After building custom commercial and residential cabinets for thirty years I semi-retired(mostly just tired). I started build log furniture to keep my hand in(or out). A friend of mine came home from Colorado with a picture of a hollow log ice chest. I said to myself, "self, you can do that". I would straddle the log with a chainsaw, slice off the lid freehand, the "hog out" the inside with the tip of the saw. Dangerous as h#%L, and the finish left something to be desired. I said to myself, "self, there has to be a better way". I designed a machine just for making these ice chests. It also functions as a sawmill(kind of). Take a look at the pics and I would love to hear your comments or advice.

Reactions: Like 2 | Way Cool 9 | Sincere 1


----------



## Tony (May 26, 2018)

That is very cool, I would like to see it in action. Tony

Reactions: Agree 1


----------



## DKMD (May 26, 2018)

Pretty crafty!


----------



## barry richardson (May 26, 2018)

Cool, did you make that rig yourself?


----------



## ripjack13 (May 26, 2018)

Doood. 
That...
Is...
Soooo....

Cooooool.

That just made the list.....

Reactions: Agree 2


----------



## brianpoundingnails (May 27, 2018)

barry richardson said:


> Cool, did you make that rig yourself?


 Yes. I designed it using 3-D solid modeling software and my own wetware. I spent six months making virtual and wood mockups to calculate range of motion for each operation, so I was about 95% certain that it would work as designed. After building custom commercial and residential cabinets for thirty years I was familiar with machine tools, CNC, production jigs and patternmaking so I applied these principles to the mass production of log furniture. I offer a lease of my blueprints so others
build their own. I designed it to be easy and cheap to build. It utilizes standard size metal and "off the shelf" parts.
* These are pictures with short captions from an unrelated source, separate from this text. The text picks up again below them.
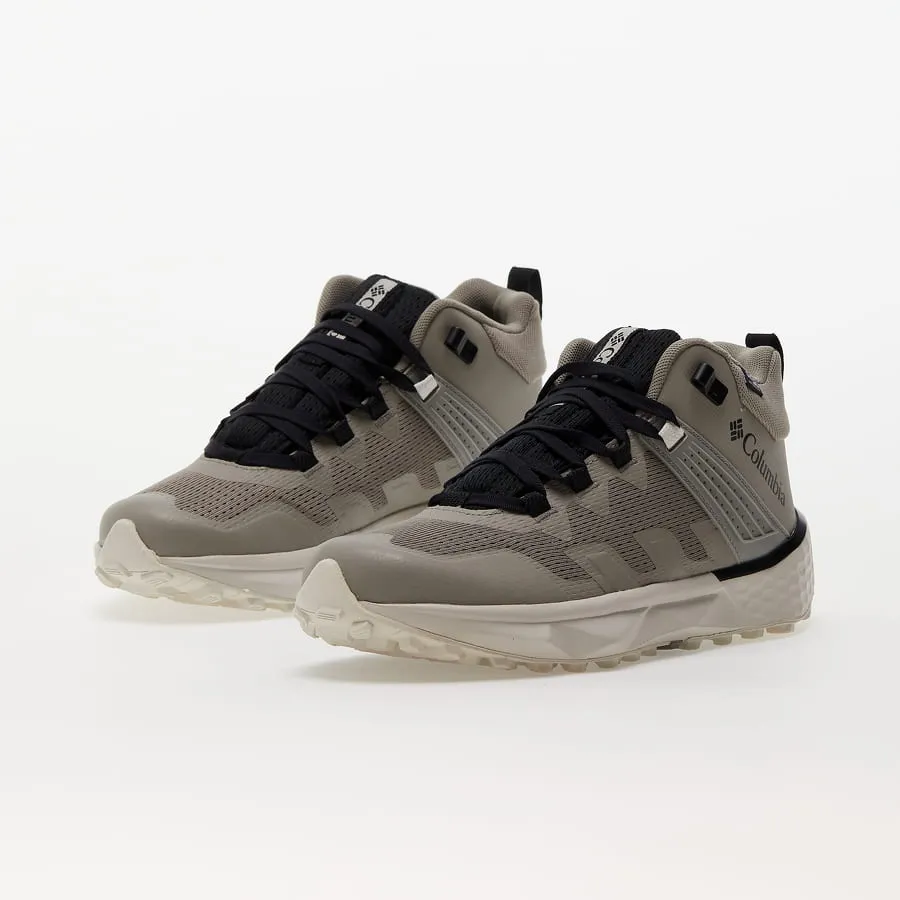 Columbia Facet™ 75 Mid Outdry™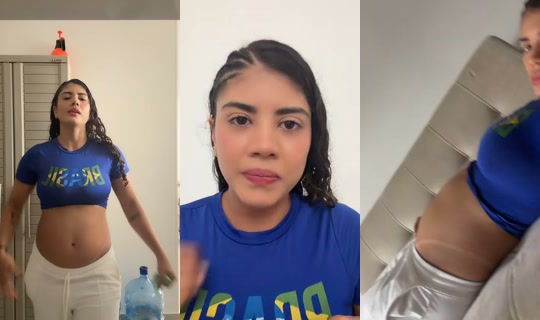 naty05_30's Stream - Aug 9, 2026, 8:44 PM
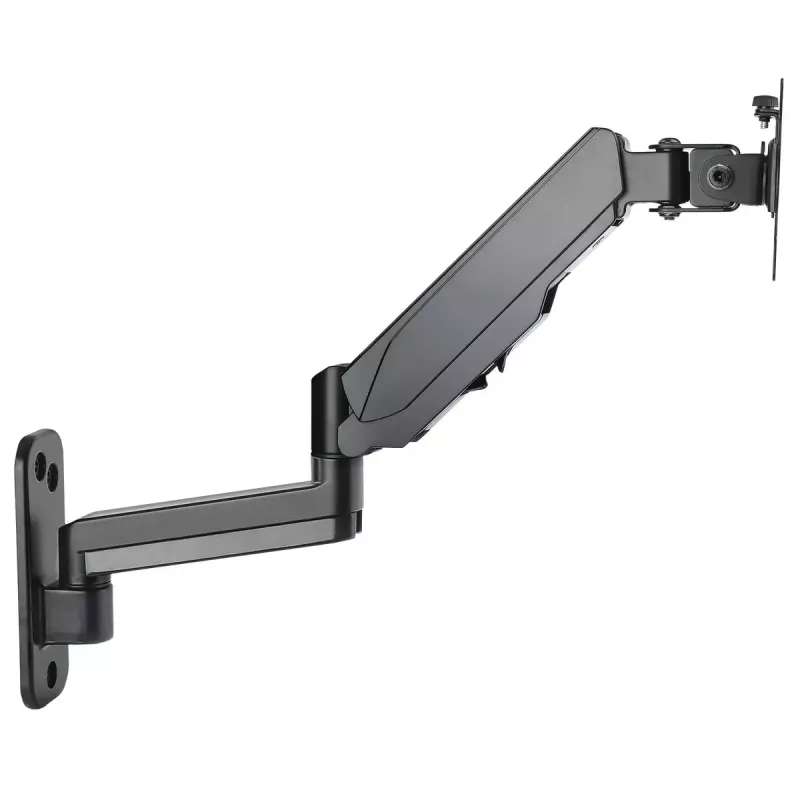 Wall Mount Spring Arm for TV & Monitor Manhattan 461610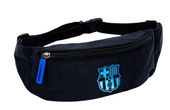Saszetka „nerka” FC BARCELONA 4717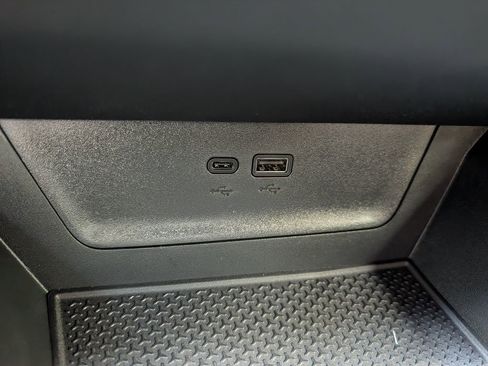 New 2026 Chevrolet Equinox RS FWD image 27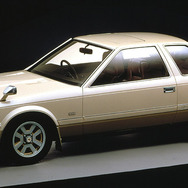 ソアラ 2800GTリミテッド～1983.02～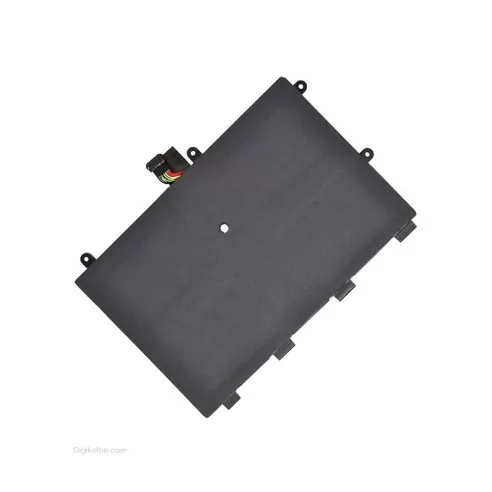 باتری لپتاپ لنوو 45N1750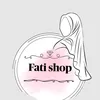 fati____shobe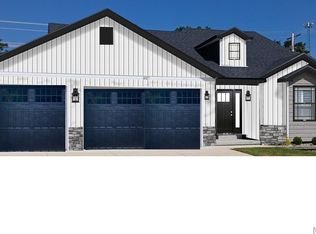 5607 Katys Way, Hillsboro, MO 63050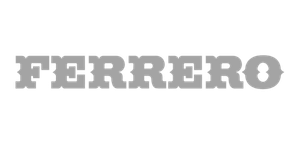Logotipo-Ferrero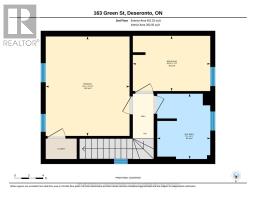 163 Green Street, Deseronto), ON K0K1X0 Photo 39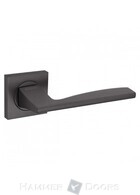  Rock KM GR-23 графит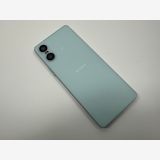 SONY Xperia 10 VI docomo SO-52E �֥롼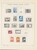 Kavel 1138 (58)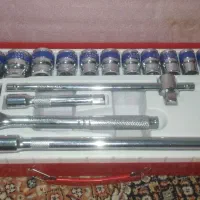 اچار بکس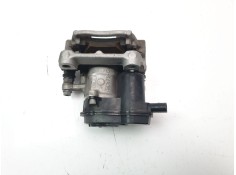 Recambio de pinza de freno trasera derecha para kia sportage (nq5) concept referencia OEM IAM 58230N9100   2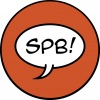 SPb Comics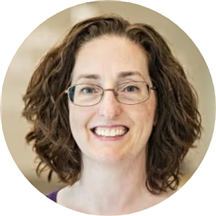 Dr. Victoria Wakeley, MD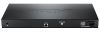  D-link DES-1210-52/ME/C1A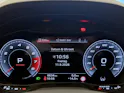 AUDI SQ2 TFSI quattro S-tronic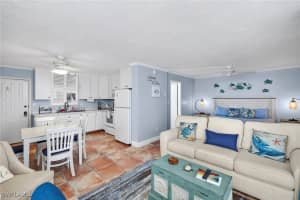 5700 Bonita Beach Road, Bonita Springs, FL 34134 - MLS#225073305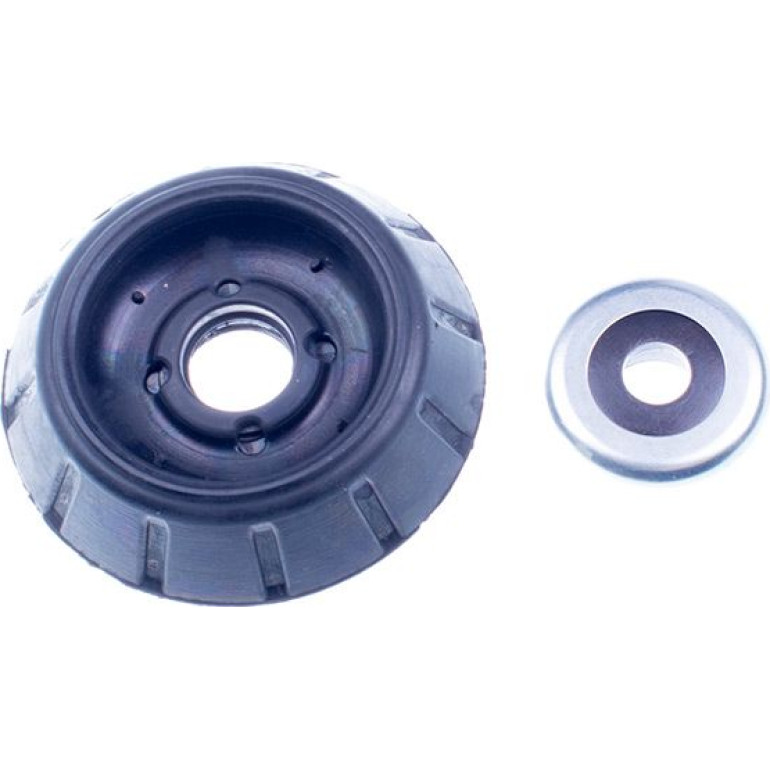 DENCKERMANN Reparatursatz D600145 DENCKERMANN Reparatursatz D600145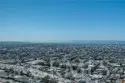 900 W Olympic Boulevard #34F thumbnail 17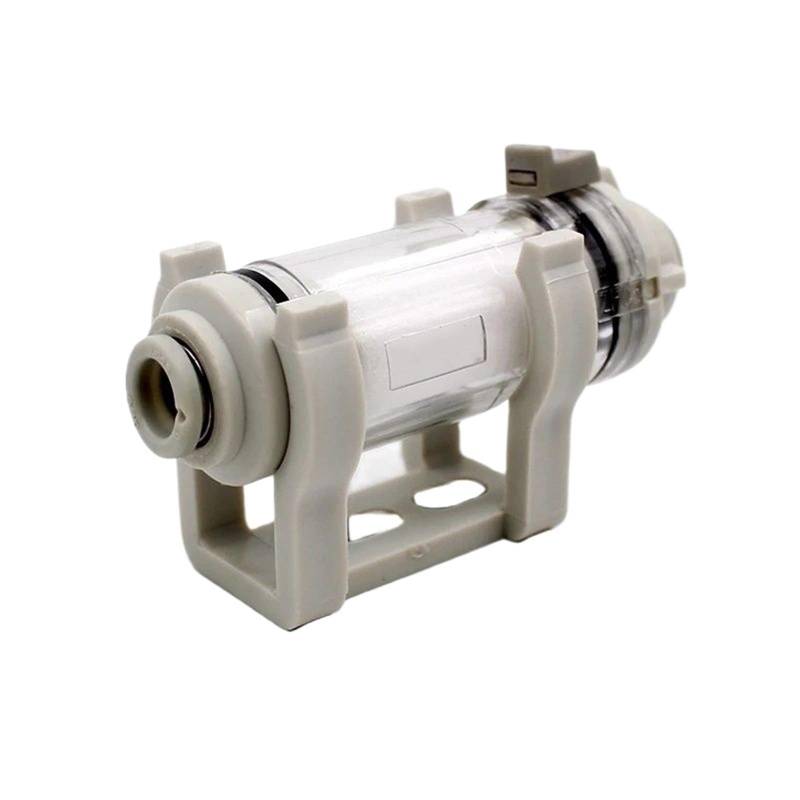 Vakuumfilter ZFC53-B ZFC54-B ZFC74-B 75-B ZFC76-B 77-B(ZFC-EL-3) von QLYUEUI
Because I already had all of the tools, I only have about $1400 in the unit(not counting my time of course, not that it's worth all that much). Go to dropbox link below for more pics and info. I am thinking about building a head unit for the lathe that could spin bowls and such. The live tooling cuts much better and more precise than using chisels as the cutting tool, and the slower rpm's allow deeper cuts. Those bowls that you make are very nice, and I saw a fellow at a craft show once that was turning wood hats( cowboy hats, bowlers, and such.). Thank you and every body else for your wonderful comments. Keep sawing wood and something good is bound to happen.

machine: https://www.dropbox.com/sh/nr4yw91iv2hgdl0/AACv5-Unq_KSGyYK-2YHwWIBa?dl=0

furniture it can make: https://www.dropbox.com/sh/pq9hfk8rqr7l416/AADQZxeku_HGeIBLpz4MeasIa?dl=0

Hands, Head and Heart(mostly hands)

Reactions: Like 2 | Way Cool 2


----------



## Mark. (Jun 16, 2018)

brianpoundingnails said:


> After building custom commercial and residential cabinets for thirty years I semi-retired(mostly just tired). I started build log furniture to keep my hand in(or out). A friend of mine came home from Colorado with a picture of a hollow log ice chest. I said to myself, "self, you can do that". I would straddle the log with a chainsaw, slice off the lid freehand, the "hog out" the inside with the tip of the saw. Dangerous as h#%L, and the finish left something to be desired. I said to myself, "self, there has to be a better way". I designed a machine just for making these ice chests. It also functions as a sawmill(kind of). Take a look at the pics and I would love to hear your comments or advice.
> 
> View attachment 147805
> 
> ...


Man, You got talent. I also would love to see it at work. Early on in my years as a Home builder a man I worked for told me that , in order to find the easyway to get a tough job done, put the lazyest man you got & put him on it & watch, He will find a way to do the job with less effort.not saying You are lazy, but Man You got it done. I love what You have done. Great Job

Reactions: Thank You! 1


----------